A closer look at the data reveals that experts forecasting a 2024 or later recovery are in Asia and the Pacific (58 percent) but in Europe, half of the respondents said this could happen earlier in 2023. Participants in the Middle East were even more optimistic, expecting full recovery by 2022.
Meanwhile, the UNWTO World Tourism Barometer found that vaccines and the reopening of borders contributed to the sector’s recovery with a strong rebound in June and July.
Indicatively, the barometer found that an estimated 54 million tourists crossed international borders in July 2021 up from 34 million in 2020 but down by 67 percent against the same month in 2019 at 164 million. The figure is however the strongest since April 2020.
The positive results do not apply to all regions and 2021 continues to be a challenging year for global tourism, with international arrivals down 80 percent in the January-July 2021 period over 2019.
The weakest results were recorded in Asia and the Pacific in the January-July period with international arrivals down by 95 percent compared to 2019; followed by the Middle East down by 82 percent; and Europe and Africa down by 77 percent.
At the same time however, several small islands in the Caribbean, Africa, and Asia and the Pacific, together with a few small European destinations recorded the best performance in June and July, with arrivals close to, or sometimes exceeding pre-pandemic levels.

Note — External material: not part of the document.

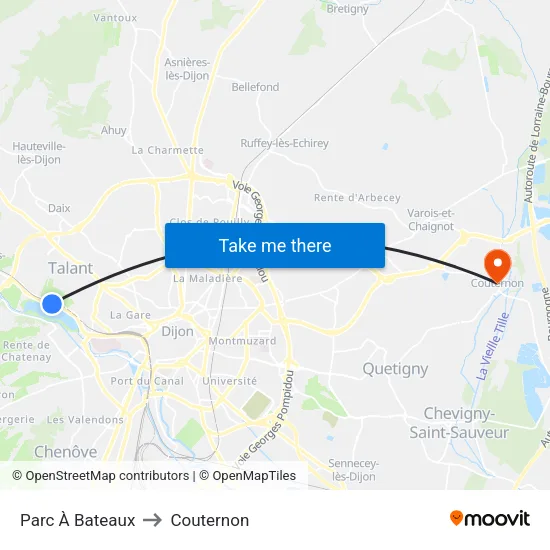 Parc À Bateaux to Couternon map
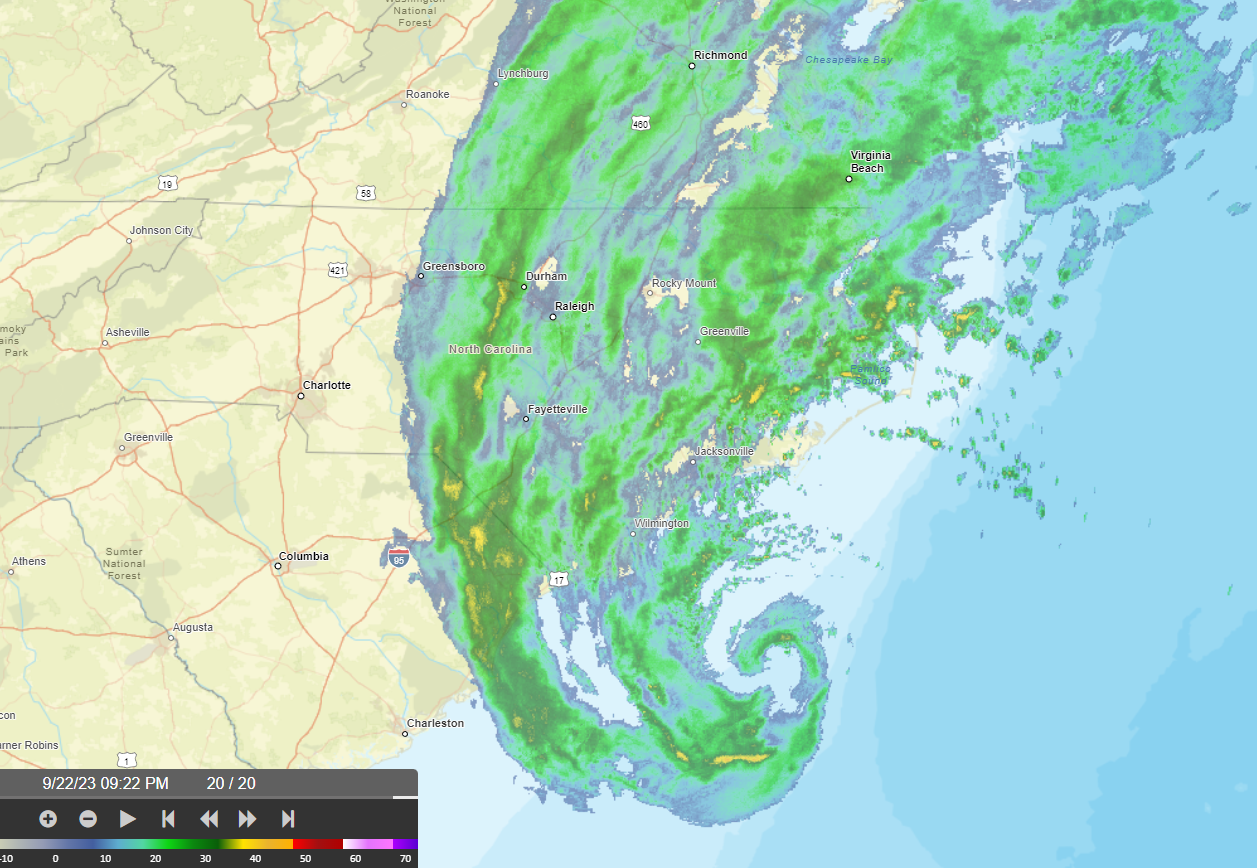 Tropical Storm Ophelia September 2224, 2023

According to the barometer despite weak international tourism revenues in the first seven months of 2021, several destinations managed to see a modest improvement in June and July, with some achieving pre-pandemic 2019 earnings such as Mexico or even exceeding these.
A case in point, Mexico posted a 2 percent increase in July earnings over the same month in 2019.
Additionally, outbound travel in France and the US saw a significant improvement in July, though tourism spending was still well below 2019 levels.
The barometer also found that confidence in travel was improving attributed in large part to vaccination rollouts and fewer restrictions in several destinations in Europe and the Americas which opened to tourists.
“There is clearly a strong demand for international tourism and many destinations have started welcoming visitors back safely and responsibly,” said UNWTO Secretary-General Zurab Pololikashvili.
“However, the true restart of tourism and the benefits it brings, remain on hold as inconsistent rules and regulations and uneven vaccination rates continue to affect confidence in travel,” he added.
Looking ahead, prospects for September-December remain mixed. According to the Panel of Experts survey, 53 percent of respondents said they expect the period to be worse than expected while 31 percent are forecasting better results towards the end of the year.
Tourism professionals continue however to expect a rebound driven by unleashed pent-up demand for international travel in 2022, mostly in Q2 and 3.